Only the lines from the one containing "cobb botal green solid polo neck t-shirt" to the end of the listing below are wanted, repeated exactly.

++++++++++++++++++++

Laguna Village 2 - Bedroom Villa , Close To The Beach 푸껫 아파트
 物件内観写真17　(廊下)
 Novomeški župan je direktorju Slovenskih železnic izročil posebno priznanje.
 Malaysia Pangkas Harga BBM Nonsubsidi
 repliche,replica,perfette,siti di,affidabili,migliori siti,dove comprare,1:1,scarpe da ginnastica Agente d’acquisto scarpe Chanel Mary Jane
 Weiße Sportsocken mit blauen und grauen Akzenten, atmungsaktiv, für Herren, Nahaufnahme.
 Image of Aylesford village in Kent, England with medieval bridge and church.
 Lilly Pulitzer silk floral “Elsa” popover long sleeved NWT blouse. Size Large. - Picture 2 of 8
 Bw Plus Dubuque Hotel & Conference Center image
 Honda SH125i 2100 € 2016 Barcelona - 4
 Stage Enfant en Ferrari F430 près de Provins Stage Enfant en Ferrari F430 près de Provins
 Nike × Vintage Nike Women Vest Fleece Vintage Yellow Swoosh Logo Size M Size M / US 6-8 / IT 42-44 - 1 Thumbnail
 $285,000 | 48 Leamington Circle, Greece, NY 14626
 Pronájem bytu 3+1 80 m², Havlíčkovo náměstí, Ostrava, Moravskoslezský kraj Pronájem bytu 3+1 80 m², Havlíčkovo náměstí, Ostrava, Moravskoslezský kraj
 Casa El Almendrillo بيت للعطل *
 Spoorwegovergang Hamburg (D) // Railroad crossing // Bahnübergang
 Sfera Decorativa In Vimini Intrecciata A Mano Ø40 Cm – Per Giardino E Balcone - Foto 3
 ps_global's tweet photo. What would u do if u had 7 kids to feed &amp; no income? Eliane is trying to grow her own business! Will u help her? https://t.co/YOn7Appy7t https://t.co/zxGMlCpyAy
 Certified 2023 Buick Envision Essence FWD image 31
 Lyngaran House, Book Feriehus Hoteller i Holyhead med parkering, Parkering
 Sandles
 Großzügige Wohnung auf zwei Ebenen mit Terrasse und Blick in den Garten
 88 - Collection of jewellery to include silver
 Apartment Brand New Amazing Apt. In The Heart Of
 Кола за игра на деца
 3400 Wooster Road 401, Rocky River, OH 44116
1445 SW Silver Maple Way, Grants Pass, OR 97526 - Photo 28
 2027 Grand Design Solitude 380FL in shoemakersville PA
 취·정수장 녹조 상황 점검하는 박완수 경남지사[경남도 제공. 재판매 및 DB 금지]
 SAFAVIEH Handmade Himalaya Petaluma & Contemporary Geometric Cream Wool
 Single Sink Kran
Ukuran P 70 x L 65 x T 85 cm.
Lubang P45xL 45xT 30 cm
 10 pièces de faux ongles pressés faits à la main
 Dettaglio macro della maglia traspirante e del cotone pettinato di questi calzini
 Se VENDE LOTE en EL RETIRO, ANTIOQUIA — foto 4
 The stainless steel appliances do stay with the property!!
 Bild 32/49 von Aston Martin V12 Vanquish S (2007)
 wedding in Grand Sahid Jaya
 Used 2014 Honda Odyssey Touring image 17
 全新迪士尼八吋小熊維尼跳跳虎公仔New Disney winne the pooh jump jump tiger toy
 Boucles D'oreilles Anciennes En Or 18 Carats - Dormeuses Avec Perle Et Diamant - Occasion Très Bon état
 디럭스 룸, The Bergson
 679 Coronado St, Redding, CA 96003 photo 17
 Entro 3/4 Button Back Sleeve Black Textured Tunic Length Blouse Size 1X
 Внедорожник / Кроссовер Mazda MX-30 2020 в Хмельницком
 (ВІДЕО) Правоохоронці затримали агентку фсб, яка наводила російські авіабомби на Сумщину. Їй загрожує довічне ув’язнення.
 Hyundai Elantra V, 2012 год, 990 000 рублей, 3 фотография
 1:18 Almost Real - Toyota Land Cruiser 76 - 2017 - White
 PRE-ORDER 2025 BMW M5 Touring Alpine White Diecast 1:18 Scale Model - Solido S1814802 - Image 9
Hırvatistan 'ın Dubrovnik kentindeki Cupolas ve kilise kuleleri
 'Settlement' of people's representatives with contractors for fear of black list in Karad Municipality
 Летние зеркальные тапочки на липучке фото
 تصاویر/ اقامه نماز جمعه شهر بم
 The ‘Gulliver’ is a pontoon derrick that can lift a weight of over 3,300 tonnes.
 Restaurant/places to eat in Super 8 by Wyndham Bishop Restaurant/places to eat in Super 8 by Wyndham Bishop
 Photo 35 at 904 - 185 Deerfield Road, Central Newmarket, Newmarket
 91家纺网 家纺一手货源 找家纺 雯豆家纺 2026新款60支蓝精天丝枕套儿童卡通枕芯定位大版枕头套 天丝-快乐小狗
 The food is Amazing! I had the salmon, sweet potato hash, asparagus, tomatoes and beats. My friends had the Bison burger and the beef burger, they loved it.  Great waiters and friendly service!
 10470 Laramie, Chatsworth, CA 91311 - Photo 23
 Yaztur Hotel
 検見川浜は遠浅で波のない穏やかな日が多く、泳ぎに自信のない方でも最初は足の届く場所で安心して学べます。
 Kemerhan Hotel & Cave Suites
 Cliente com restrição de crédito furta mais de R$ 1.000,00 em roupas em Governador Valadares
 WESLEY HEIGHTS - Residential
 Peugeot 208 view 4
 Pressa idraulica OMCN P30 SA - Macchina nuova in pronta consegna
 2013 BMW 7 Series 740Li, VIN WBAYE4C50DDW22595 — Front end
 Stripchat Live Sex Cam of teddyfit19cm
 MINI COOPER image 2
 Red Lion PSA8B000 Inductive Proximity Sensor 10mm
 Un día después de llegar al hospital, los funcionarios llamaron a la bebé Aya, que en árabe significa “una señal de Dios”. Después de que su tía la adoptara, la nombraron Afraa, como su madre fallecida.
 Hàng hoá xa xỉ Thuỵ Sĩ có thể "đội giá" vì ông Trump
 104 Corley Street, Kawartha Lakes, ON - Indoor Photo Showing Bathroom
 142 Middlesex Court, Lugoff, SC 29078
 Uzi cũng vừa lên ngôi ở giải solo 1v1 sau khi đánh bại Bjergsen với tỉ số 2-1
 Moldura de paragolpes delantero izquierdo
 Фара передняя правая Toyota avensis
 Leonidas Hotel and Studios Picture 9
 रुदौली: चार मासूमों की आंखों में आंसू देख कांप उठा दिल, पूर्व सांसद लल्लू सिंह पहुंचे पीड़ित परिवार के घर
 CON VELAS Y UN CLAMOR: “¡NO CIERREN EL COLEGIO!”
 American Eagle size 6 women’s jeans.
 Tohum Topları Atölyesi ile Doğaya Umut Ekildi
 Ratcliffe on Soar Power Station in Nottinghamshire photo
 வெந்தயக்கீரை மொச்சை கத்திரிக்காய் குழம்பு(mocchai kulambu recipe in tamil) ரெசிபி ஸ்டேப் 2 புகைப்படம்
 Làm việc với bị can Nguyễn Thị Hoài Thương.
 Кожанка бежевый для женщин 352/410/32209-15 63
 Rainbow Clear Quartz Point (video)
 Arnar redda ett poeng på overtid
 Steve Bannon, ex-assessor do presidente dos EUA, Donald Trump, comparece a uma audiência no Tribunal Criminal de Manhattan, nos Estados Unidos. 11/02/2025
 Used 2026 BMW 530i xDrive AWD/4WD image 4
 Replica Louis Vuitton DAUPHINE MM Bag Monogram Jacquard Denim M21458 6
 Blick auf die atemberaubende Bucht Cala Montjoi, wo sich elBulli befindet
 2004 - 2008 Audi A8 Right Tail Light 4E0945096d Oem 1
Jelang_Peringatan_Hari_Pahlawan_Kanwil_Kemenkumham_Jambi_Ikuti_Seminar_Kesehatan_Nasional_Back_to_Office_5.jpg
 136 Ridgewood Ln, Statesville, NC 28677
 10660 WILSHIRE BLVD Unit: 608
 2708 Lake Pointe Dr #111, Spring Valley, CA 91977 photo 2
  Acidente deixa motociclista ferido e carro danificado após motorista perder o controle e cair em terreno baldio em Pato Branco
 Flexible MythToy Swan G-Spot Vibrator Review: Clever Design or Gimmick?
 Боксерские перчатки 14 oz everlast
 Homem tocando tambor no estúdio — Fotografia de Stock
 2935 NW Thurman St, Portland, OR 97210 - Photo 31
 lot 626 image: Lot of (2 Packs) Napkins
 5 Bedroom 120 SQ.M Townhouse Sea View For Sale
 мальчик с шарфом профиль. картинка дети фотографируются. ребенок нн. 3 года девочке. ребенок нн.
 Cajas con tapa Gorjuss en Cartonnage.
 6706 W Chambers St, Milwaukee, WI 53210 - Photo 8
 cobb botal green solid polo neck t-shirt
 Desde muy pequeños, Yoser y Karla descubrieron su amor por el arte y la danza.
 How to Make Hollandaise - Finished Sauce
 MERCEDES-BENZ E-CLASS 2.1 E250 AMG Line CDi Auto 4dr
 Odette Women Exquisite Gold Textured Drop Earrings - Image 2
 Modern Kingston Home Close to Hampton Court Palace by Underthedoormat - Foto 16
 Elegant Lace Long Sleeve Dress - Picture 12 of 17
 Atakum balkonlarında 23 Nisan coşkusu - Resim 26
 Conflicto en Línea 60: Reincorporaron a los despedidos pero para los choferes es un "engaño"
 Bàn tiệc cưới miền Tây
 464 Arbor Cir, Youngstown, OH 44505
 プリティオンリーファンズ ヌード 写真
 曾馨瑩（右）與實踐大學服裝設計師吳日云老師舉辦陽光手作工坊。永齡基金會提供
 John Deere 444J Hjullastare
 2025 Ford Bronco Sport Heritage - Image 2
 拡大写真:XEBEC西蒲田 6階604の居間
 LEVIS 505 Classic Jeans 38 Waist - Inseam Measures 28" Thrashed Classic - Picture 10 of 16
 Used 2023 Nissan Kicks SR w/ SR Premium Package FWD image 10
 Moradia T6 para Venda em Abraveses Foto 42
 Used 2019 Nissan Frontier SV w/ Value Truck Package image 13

++++++++++++++++++++

**Exercise response:**
 cobb botal green solid polo neck t-shirt
 Desde muy pequeños, Yoser y Karla descubrieron su amor por el arte y la danza.
 How to Make Hollandaise - Finished Sauce
 MERCEDES-BENZ E-CLASS 2.1 E250 AMG Line CDi Auto 4dr
 Odette Women Exquisite Gold Textured Drop Earrings - Image 2
 Modern Kingston Home Close to Hampton Court Palace by Underthedoormat - Foto 16
 Elegant Lace Long Sleeve Dress - Picture 12 of 17
 Atakum balkonlarında 23 Nisan coşkusu - Resim 26
 Conflicto en Línea 60: Reincorporaron a los despedidos pero para los choferes es un "engaño"
 Bàn tiệc cưới miền Tây
 464 Arbor Cir, Youngstown, OH 44505
 プリティオンリーファンズ ヌード 写真
 曾馨瑩（右）與實踐大學服裝設計師吳日云老師舉辦陽光手作工坊。永齡基金會提供
 John Deere 444J Hjullastare
 2025 Ford Bronco Sport Heritage - Image 2
 拡大写真:XEBEC西蒲田 6階604の居間
 LEVIS 505 Classic Jeans 38 Waist - Inseam Measures 28" Thrashed Classic - Picture 10 of 16
 Used 2023 Nissan Kicks SR w/ SR Premium Package FWD image 10
 Moradia T6 para Venda em Abraveses Foto 42
 Used 2019 Nissan Frontier SV w/ Value Truck Package image 13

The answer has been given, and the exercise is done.